Ilya Telegin

Personal information
- Full name: Ilya Igorevich Telegin
- Date of birth: 22 January 1981 (age 44)
- Height: 1.78 m (5 ft 10 in)
- Position(s): Midfielder/Striker

Youth career
- SDYuShOR Chirchiq

Senior career*
- Years: Team / Apps / (Gls)
- 1997: Umid Tashkent
- 1998: Chilanzar Tashkent
- 1999: PFC Navbahor Namangan
- 2000–2002: Kimyogar Chirchiq / 49 / (7)
- 2003–2004: FC Khimki / 38 / (4)
- 2004: FC Anzhi Makhachkala / 13 / (0)
- 2005: FC Metallurg Lipetsk / 19 / (2)
- 2006: Sokol-DSK Lipetsk
- 2007–2009: FC Metallurg Lipetsk / 83 / (12)
- 2010: FC Yelets (amateur)
- 2010–2012: FC Tekstilshchik Ivanovo / 35 / (10)
- 2012: FC Kooperator Vichuga
- 2013: FC Rodnik Parshinovka

= Ilya Telegin =

Uzbekistani footballer

Ilya Igorevich Telegin (Илья Игоревич Телегин; born 22 January 1981) is a former Uzbekistani professional football player.
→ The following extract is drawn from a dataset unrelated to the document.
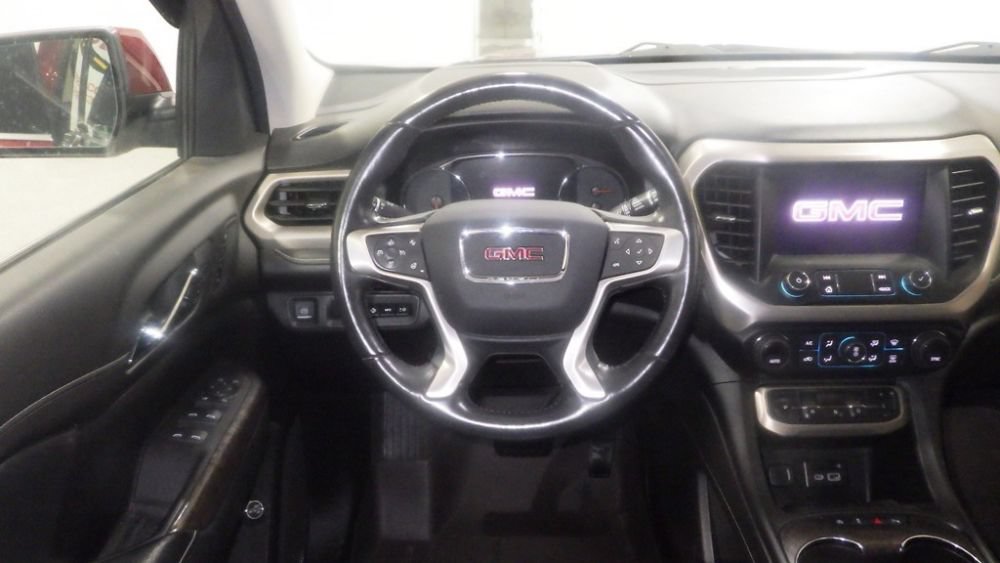 Used 2020 GMC Acadia Denali w/ Technology Package AWD/4WD image 9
He also holds Russian citizenship.

==Club career==
He made his Russian Football National League debut for FC Khimki on 10 April 2003 in a game against FC Neftekhimik Nizhnekamsk. He played 5 seasons in the FNL for Khimki, FC Anzhi Makhachkala and FC Metallurg Lipetsk.